A trio of quarter-milers, including Bahamian Steven Gardiner, has risen to the forefront over the past year to seriously challenge for any global title, and with world record holder Wayde van Niekerk of South Africa being sidelined with a significant injury, the field was wide open.
Gardiner took advantage of Van Niekerk’s absence and won the world title in Doha, Qatar, last year, setting a new Bahamian national record and going down in the history books as the sixth-fastest of all-time. He recorded a stunning time of 43.48 seconds. Still, he wasn’t the world leader. American Michael Norman ran 43.45 seconds at the Mt. SAC Relays, in Torrance, California, last year, and is tied as the fourth-fastest of all-time with fellow American Jeremy Wariner. However, he faltered in the semifinals of last year’s Doha World Championships and Gardiner rose to fame.
American Fred Kerley was the only other athlete to run sub-44 last year, turning in a time of 43.64 seconds at the USA National Championships at Drake Stadium, in Des Moines, Iowa, listing him as the eighth-fastest of all-time.
The man they are all chasing up the all-time list is gradually making a return to the sport.

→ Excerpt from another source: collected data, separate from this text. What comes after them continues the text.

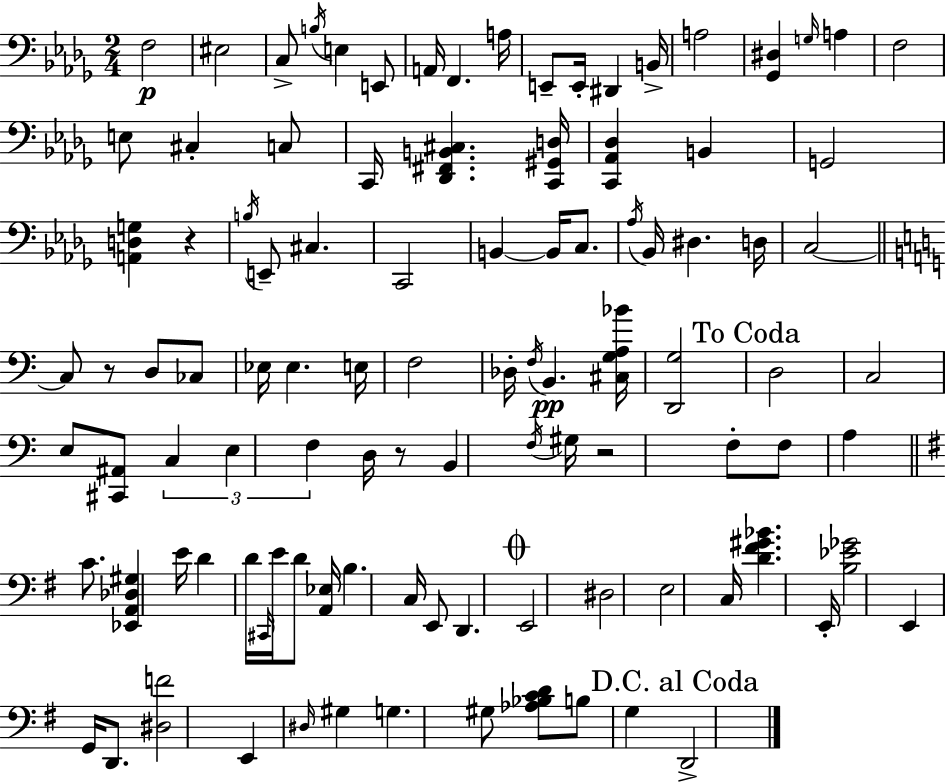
{
  \clef bass
  \numericTimeSignature
  \time 2/4
  \key bes \minor
  f2\p | eis2 | c8-> \acciaccatura { b16 } e4 e,8 | a,16 f,4. | \break a16 e,8-- e,16-. dis,4 | b,16-> a2 | <ges, dis>4 \grace { g16 } a4 | f2 | \break e8 cis4-. | c8 c,16 <des, fis, b, cis>4. | <c, gis, d>16 <c, aes, des>4 b,4 | g,2 | \break <a, d g>4 r4 | \acciaccatura { b16 } e,8-- cis4. | c,2 | b,4~~ b,16 | \break c8. \acciaccatura { aes16 } bes,16 dis4. | d16 c2~~ | \bar "||" \break \key c \major c8 r8 d8 ces8 | ees16 ees4. e16 | f2 | des16-. \acciaccatura { f16 } b,4.\pp | \break <cis g a bes'>16 <d, g>2 | \mark "To Coda" d2 | c2 | e8 <cis, ais,>8 \tuplet 3/2 { c4 | \break e4 f4 } | d16 r8 b,4 | \acciaccatura { f16 } gis16 r2 | f8-. f8 a4 | \break \bar "||" \break \key g \major c'8. <ees, a, des gis>4 e'16 | d'4 d'16 \grace { cis,16 } e'16 d'8 | <a, ees>16 b4. | c16 e,8 d,4. | \break \mark \markup { \musicglyph "scripts.coda" } e,2 | dis2 | e2 | c16 <d' fis' gis' bes'>4. | \break e,16-. <b ees' ges'>2 | e,4 g,16 d,8. | <dis f'>2 | e,4 \grace { dis16 } gis4 | \break g4. | gis8 <aes bes c' d'>8 b8 g4 | \mark "D.C. al Coda" d,2-> | \bar "|."
}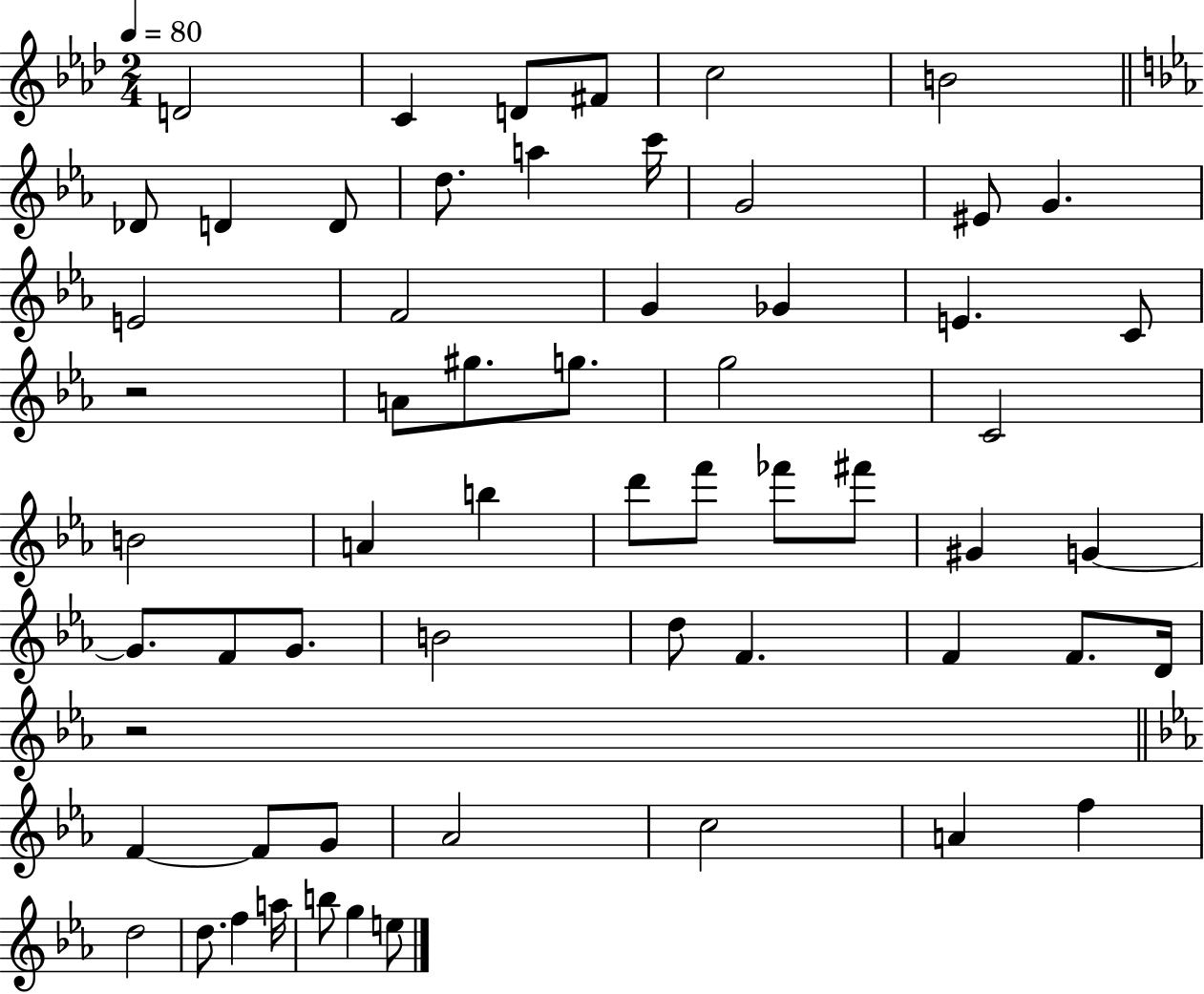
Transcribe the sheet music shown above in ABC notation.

X:1
T:Untitled
M:2/4
L:1/4
K:Ab
D2 C D/2 ^F/2 c2 B2 _D/2 D D/2 d/2 a c'/4 G2 ^E/2 G E2 F2 G _G E C/2 z2 A/2 ^g/2 g/2 g2 C2 B2 A b d'/2 f'/2 _f'/2 ^f'/2 ^G G G/2 F/2 G/2 B2 d/2 F F F/2 D/4 z2 F F/2 G/2 _A2 c2 A f d2 d/2 f a/4 b/2 g e/2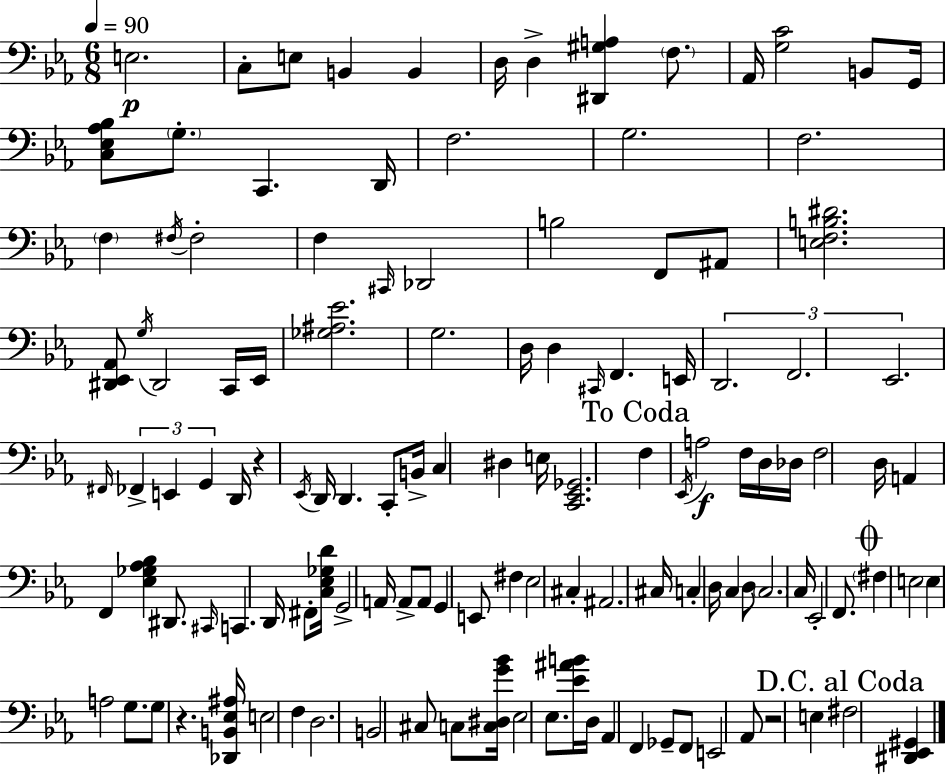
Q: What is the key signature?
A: EES major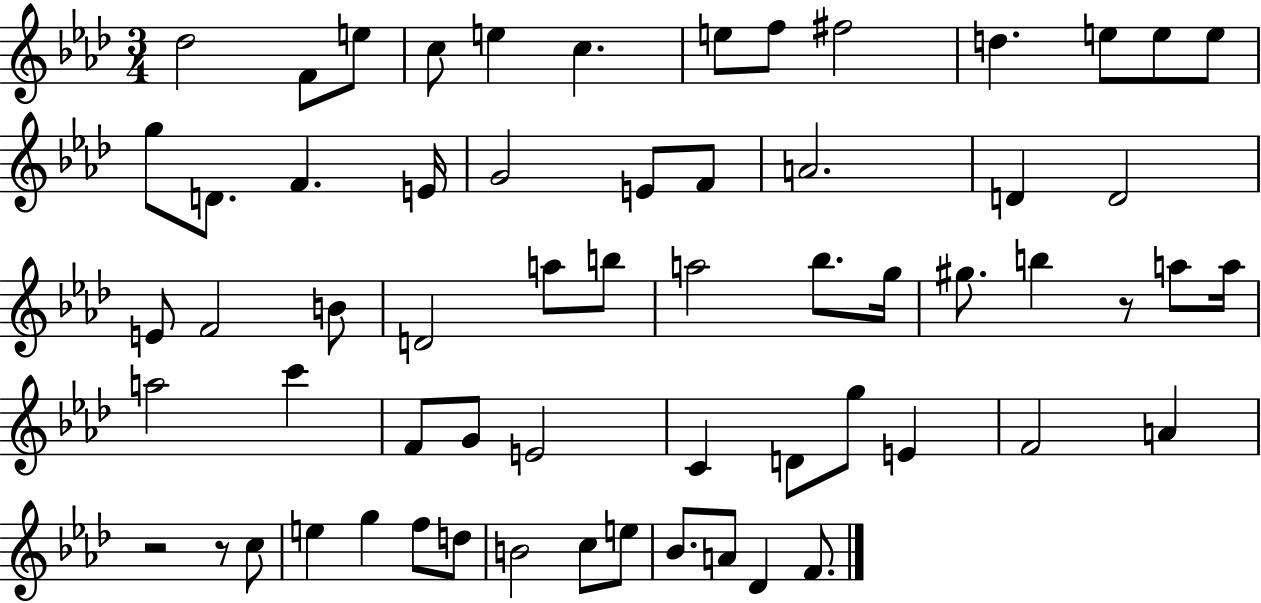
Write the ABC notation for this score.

X:1
T:Untitled
M:3/4
L:1/4
K:Ab
_d2 F/2 e/2 c/2 e c e/2 f/2 ^f2 d e/2 e/2 e/2 g/2 D/2 F E/4 G2 E/2 F/2 A2 D D2 E/2 F2 B/2 D2 a/2 b/2 a2 _b/2 g/4 ^g/2 b z/2 a/2 a/4 a2 c' F/2 G/2 E2 C D/2 g/2 E F2 A z2 z/2 c/2 e g f/2 d/2 B2 c/2 e/2 _B/2 A/2 _D F/2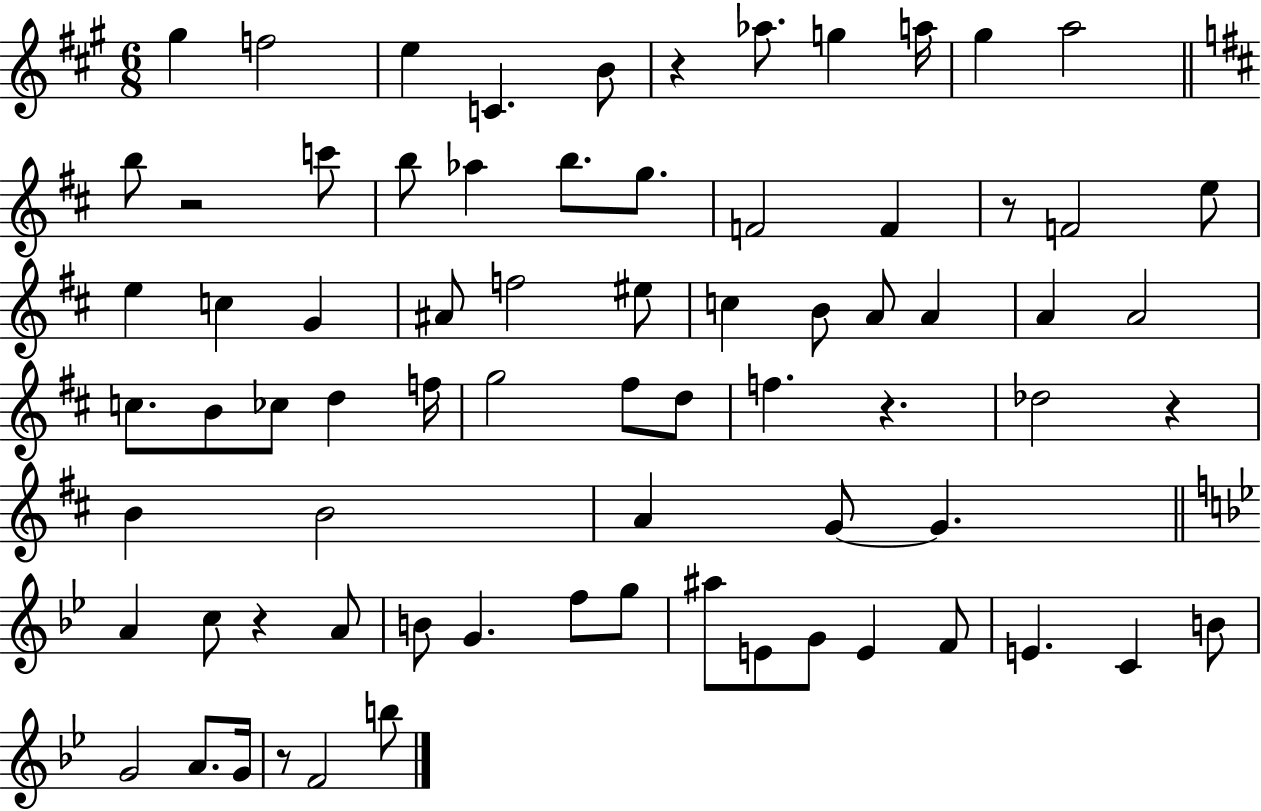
X:1
T:Untitled
M:6/8
L:1/4
K:A
^g f2 e C B/2 z _a/2 g a/4 ^g a2 b/2 z2 c'/2 b/2 _a b/2 g/2 F2 F z/2 F2 e/2 e c G ^A/2 f2 ^e/2 c B/2 A/2 A A A2 c/2 B/2 _c/2 d f/4 g2 ^f/2 d/2 f z _d2 z B B2 A G/2 G A c/2 z A/2 B/2 G f/2 g/2 ^a/2 E/2 G/2 E F/2 E C B/2 G2 A/2 G/4 z/2 F2 b/2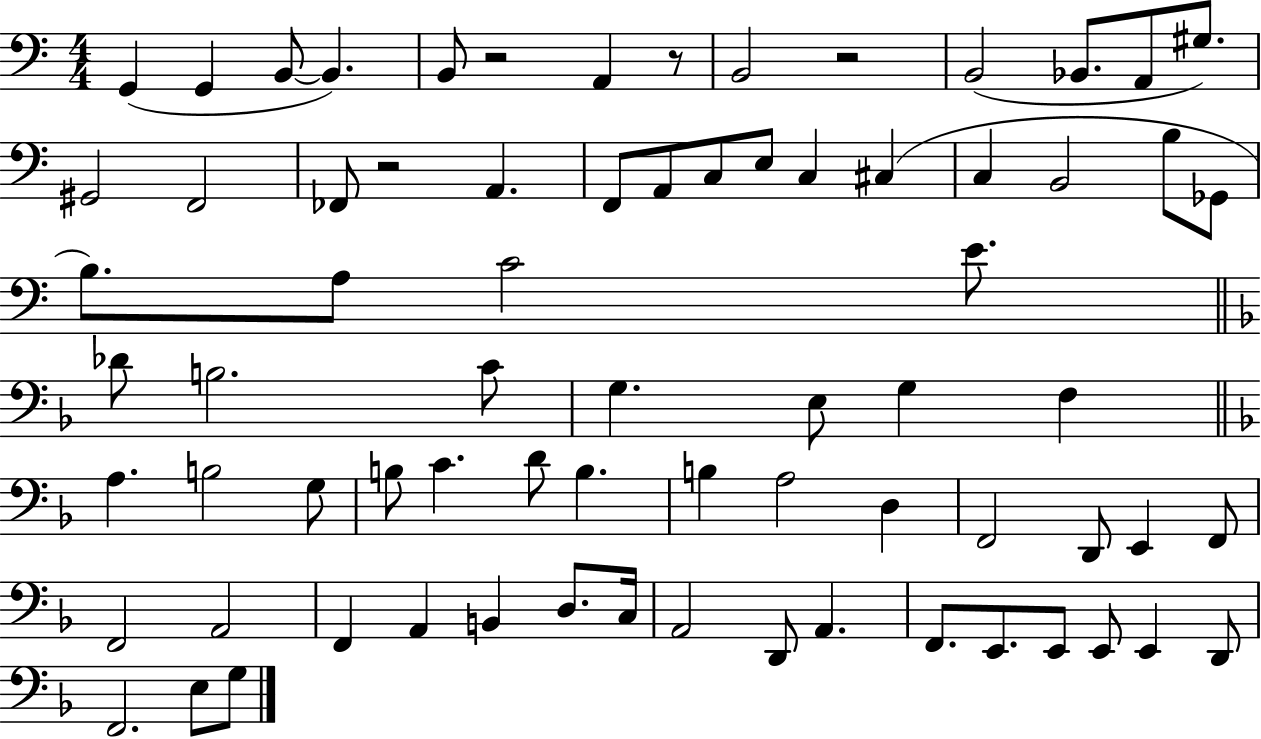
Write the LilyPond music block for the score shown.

{
  \clef bass
  \numericTimeSignature
  \time 4/4
  \key c \major
  g,4( g,4 b,8~~ b,4.) | b,8 r2 a,4 r8 | b,2 r2 | b,2( bes,8. a,8 gis8.) | \break gis,2 f,2 | fes,8 r2 a,4. | f,8 a,8 c8 e8 c4 cis4( | c4 b,2 b8 ges,8 | \break b8.) a8 c'2 e'8. | \bar "||" \break \key f \major des'8 b2. c'8 | g4. e8 g4 f4 | \bar "||" \break \key d \minor a4. b2 g8 | b8 c'4. d'8 b4. | b4 a2 d4 | f,2 d,8 e,4 f,8 | \break f,2 a,2 | f,4 a,4 b,4 d8. c16 | a,2 d,8 a,4. | f,8. e,8. e,8 e,8 e,4 d,8 | \break f,2. e8 g8 | \bar "|."
}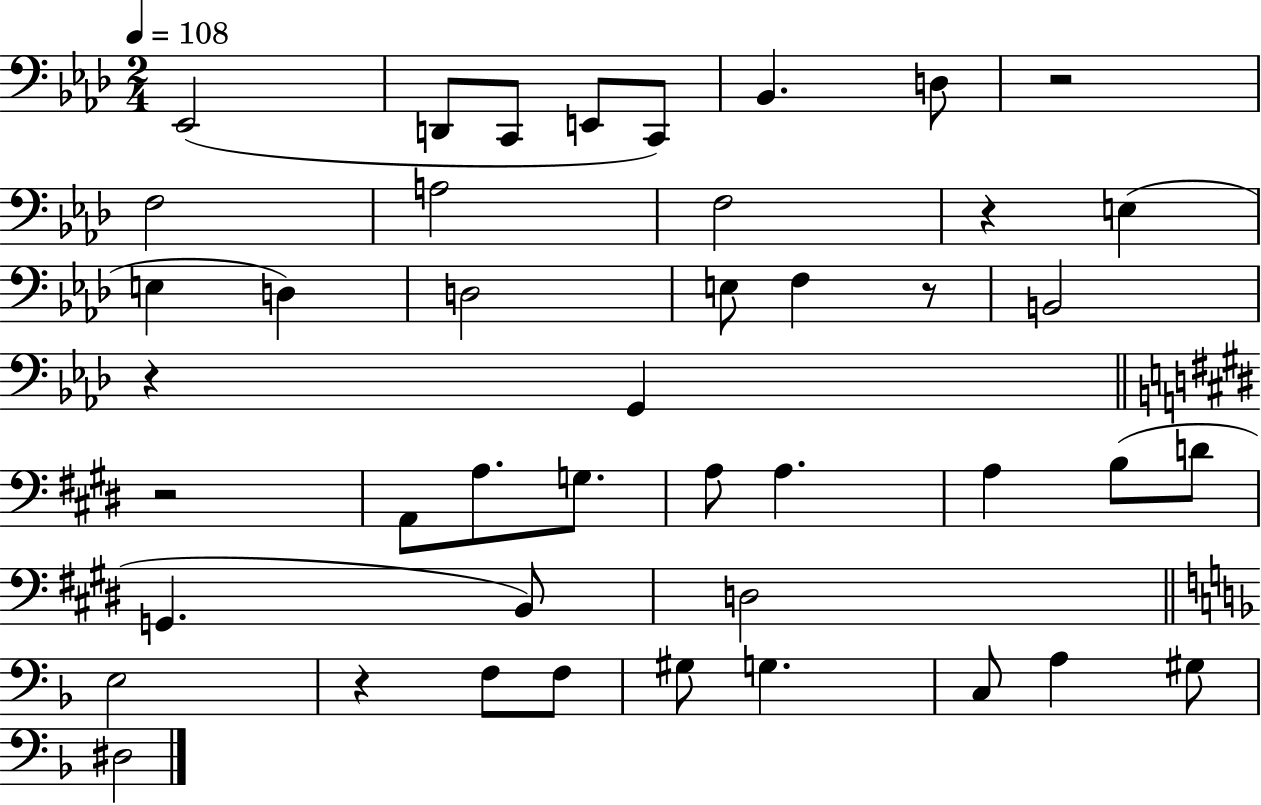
{
  \clef bass
  \numericTimeSignature
  \time 2/4
  \key aes \major
  \tempo 4 = 108
  ees,2( | d,8 c,8 e,8 c,8) | bes,4. d8 | r2 | \break f2 | a2 | f2 | r4 e4( | \break e4 d4) | d2 | e8 f4 r8 | b,2 | \break r4 g,4 | \bar "||" \break \key e \major r2 | a,8 a8. g8. | a8 a4. | a4 b8( d'8 | \break g,4. b,8) | d2 | \bar "||" \break \key f \major e2 | r4 f8 f8 | gis8 g4. | c8 a4 gis8 | \break dis2 | \bar "|."
}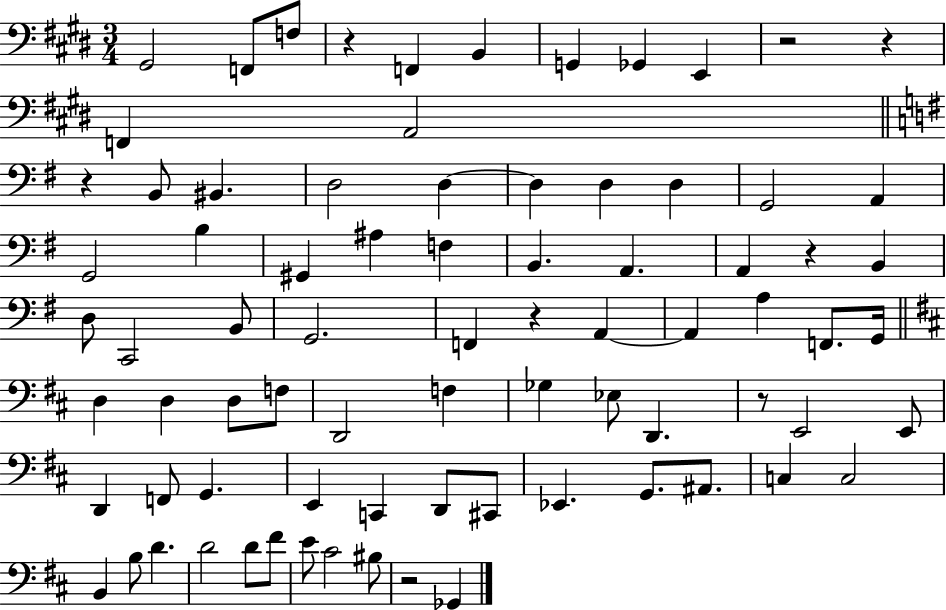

Reference is to world record holder Van Niekerk.
After more than two years on the sidelines, Van Niekerk is back on the track, running all three sprints this season prior to the stoppage of sports due to the presence of the COVID-19 pandemic. He unofficially clocked 10.20 seconds on grass in the 100 meters (m) in Bloemfontein, South Africa, in mid-February. It was his first race since suffering a devastating knee injury in a charity rugby match at the end of the 2017 season.
Later that week, again in Bloemfontein, Van Niekerk ran the 100-200m double, this time on a synthetic track. He clocked 10.10 seconds in the 100m and 20.31 seconds in the 200m in the space of an hour, telling World Athletics (WA) afterwards that it showed him that he still has the speed and the strength that he had before the injury.
A week later, Van Niekerk ran his first 400m race since the 2017 London World Championships, when he won his second consecutive world title, clocking 43.98 seconds. In Bloemfontein at the end of February, he ran a modest 47.42 seconds but wasn’t pushed in the race.
The Olympic and two-time World Champion is on the comeback trail, and if he gets close to the form he showed in breaking Michael Johnson’s 17-year-old world record at the 2016 Rio de Janeiro Olympics, he will definitely be a force to reckon with at next year’s Olympics. The Olympics, which were initially set for this summer, has shifted to July 23 to August 8, 2021, still in Tokyo, Japan, due to the presence of the COVID-19 pandemic.
The 27-year-old South African was initially set to make a comeback at the Doha World Championships last year, but complications from the knee injury ruled him out of the competition. He told WA that he feels confident that he has the speed and strength to produce world-class times and challenge his world record. One of his goals remains to be the first man to run a 42-point 400m race, pushing his body to the limit.
To date, Van Niekerk is the only man in history to run under 10 seconds in the 100m (9.94), under 20 seconds in the 200m (19.84) and under 44 seconds in the 400m (43.03). He is mentioned in many sporting circles, particularly athletics, as the heir apparent to Jamaican triple world record holder Usain Bolt, regarded widely as the greatest sprinter in world history.
Bolt retired after the 2017 season, and Van Niekerk was looked at by many as the man to replace him as the face of athletics worldwide.
As for next year’s Olympics, for Van Niekerk, it wouldn’t be an easy task getting back to the top and successfully defending his Olympic title. He is expected to be seriously challenged by Gardiner, Norman, Kerley and maybe others as well. Gardiner finished second to Van Niekerk at the 2015 Beijing World Championships, and at just 24, is about three years younger. Kerley is 25 and Norman is the baby of the group at 22.
Van Niekerk said he has massive respect for his new-found rivals and doesn’t take their challenge lightly.
The tall and gifted Bahamian, who trains out of Clermont, Florida, can prove his worth and that last year’s win wasn’t a fluke when he meets Van Niekerk, Norman and Kerley in competition. Whether or not it happens this season remains to be seen, but the men’s 400m is shaping up to be one of the more anticipated events of the 2021 Olympics, should all stay healthy.